Ma l'inverno è meglio dell'estate poiché, quando fa freddo, basta coprirsi bene.

Buone Feste, amici lettori! E grazie di seguirmi, malgrado tutto.

sabato 26 novembre 2016

LIDER MAXIMO



Il Leader Maximo è morto, w il Leader Maximo!
Non sono impazzita, ma non si puó negare che Fidel Castro avrà il suo nome nel Walk of Fame della Storia. È stato un santo? È stato un assassino? Entrambe le cose, secondo l'angolazione della visuale che, come tutti gli individui dotati di un minimo sindacale di saggezza ed equilibrio psico-fisico sanno, è frutto dell' esperienza soggettiva.

  Fidel Castro era comunista e una buona percentuale del popolo cubano lo ha ringraziato per quel che ha fatto per loro, strappando la gente dalla condizione di miseria. Il mondo industrializzato è sempre stato convinto, invece, che Castro abbia ridotto Cuba alla miseria. E anche l' altra percentuale dei Cubani, che sono riusciti a fuggire in Florida, Stati Uniti, quindi, un Paese capitalista, la pensa nello stesso modo.

  Al di là di tutto, non dobbiamo dimenticare che la forma comunista di governo, pur non perfetta, non è nata per caso. Nessuno si è svegliato una mattina con l' idea di instaurare un regime comunista in uno Stato solo per far qualcosa di diverso e rivoluzionario. il Comunismo si è radicato in un Paese in conseguenza di condizioni sociali ed economiche divenute insostenibili per la popolazione locale.
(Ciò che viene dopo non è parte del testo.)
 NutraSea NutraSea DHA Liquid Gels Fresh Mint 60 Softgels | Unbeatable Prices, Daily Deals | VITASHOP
  In Russia, sotto gli zar, i contadini venivano venduti con la terra come gli animali allevati, e molti morivano di fame; in Cina, sotto l' impero e i Mandarini. più o meno la stessa cosa.
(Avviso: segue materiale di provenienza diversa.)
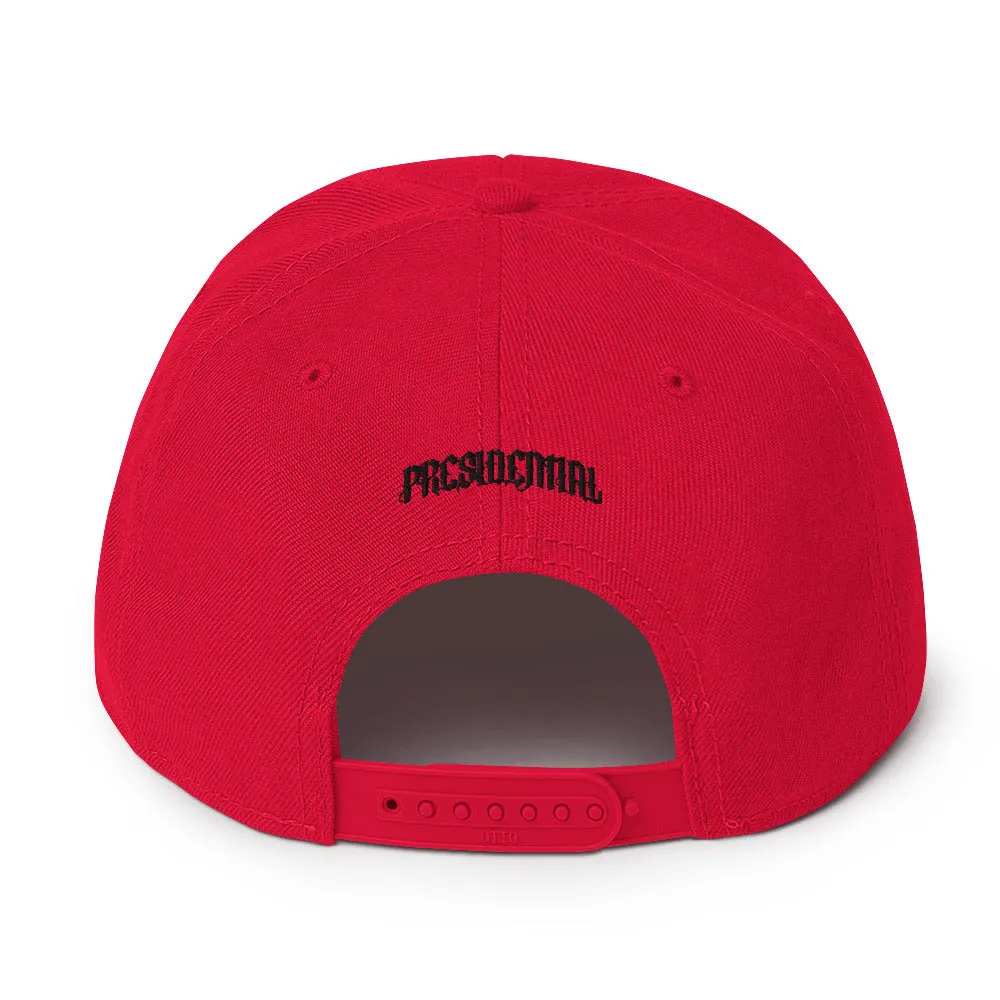 Presidential® Snapback Hat Black letter Presidential Logo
  E ad un certo punto il popolo si è stancato, è insorto; alcuni personaggi, con le idee chiare - a loro dire - sulla soluzione del problema, si sono messi a capo delle rivolte. hanno rovesciato i governi oppressori e affamatori, sostituendosi e sedendosi sulle poltrone del potere promettendo giustizia ed uguaglianza, cibo e felicità.

  Non è andata esattamente come promesso e come i programmi prevedevano.
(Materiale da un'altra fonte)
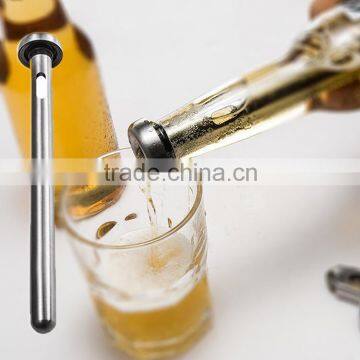 Stainless Steel Beer Chill Stick Wine Chiller Cooler Rod In Bottle Pourer Cool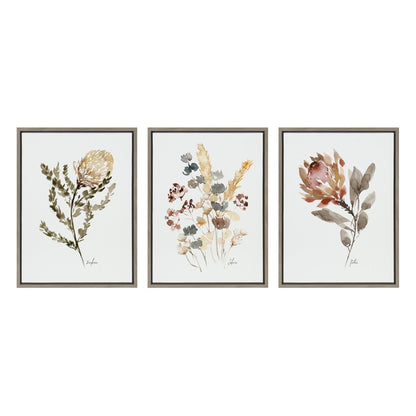 Sylvie Wild Banksia Wild Salvia and Wild King Protea Framed Canvas by Sara Berrenson - Quahog Bay Bedding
  Col passar del tempo, i capi dei nuovi governi hanno dimostrato di non essere molto diversi dai vecchi. "Tutti gli animali sono uguali, ma alcuni sono più uguali degli altri" faceva dire George Orwell a Palladineve, il maialino che aveva guidato la rivolta degli altri animali nella sua famosa favola "La fattoria degli animali". Infatti, negli Stati a regime socialista, i capi vivevano in belle dimore, avevano personale di servizio, case per la villeggiatura, in luoghi ameni, ed auto lussuose, come i capi di governo dei Paesi capitalisti.

   Erano più "uguali degli altri".
  E il popolo ha continuato  a morir di fame, illuso e con la mente obnubilata dai discorsi logorroici dei loro leaders che seguitavano a spandere promesse di benessere, strombazzando la validità del nuovo governo.

   La formula non ha funzionato.

  Non a dovere, secondo le previsioni e le aspettative, e nel 1989 il Muro di Berlino è crollato, abbattuto dalle picconate di chi viveva al di là della Porta di Brandeburgo, a Berlino, città divisa in Ovest ed Est. E insieme col Muro è crollato anche il Comunismo, trascinando nell'alluvione,  gli Stati satellite del blocco sovietico. 

  In Cina, il cambiamento ed il passaggio ad una formula di governo meno socialista, che si avvicina alla realtà del resto del globo, è avvenuto più gradualmente.

  Cosa non ha funzionato? L' uguaglianza non è praticabile nella realtà?

   Cuba era uno degli ultimi angoli della Terra dove il Comunismo è ancora in piedi, benché ormai traballante, e sulla Terra sono pochi gli Stati in cui questo regime è ancora in vigore.

  Fidel Castro era un alieno, ovvero un idealista, un uomo che, comunque, era conscio e convinto del suo pensiero. Un uomo che, in ogni caso, va considerato per la posizione che ha ricoperto nel destino del mondo.


  Questa non è politica, amici miei. È Storia, con la "S" maiuscola.

   Sono anti-comunista? 
  Sono solo una persona che ama guardare le cose non da un solo punto di vista. Mi piace la stereo-visione. Mi pare di renderlo chiaro, no?

Mi sento spesso chiedere da che parte sto. 
Sto dalla parte dell'obiettività ma, tranquilli! Ho  idee politiche precise.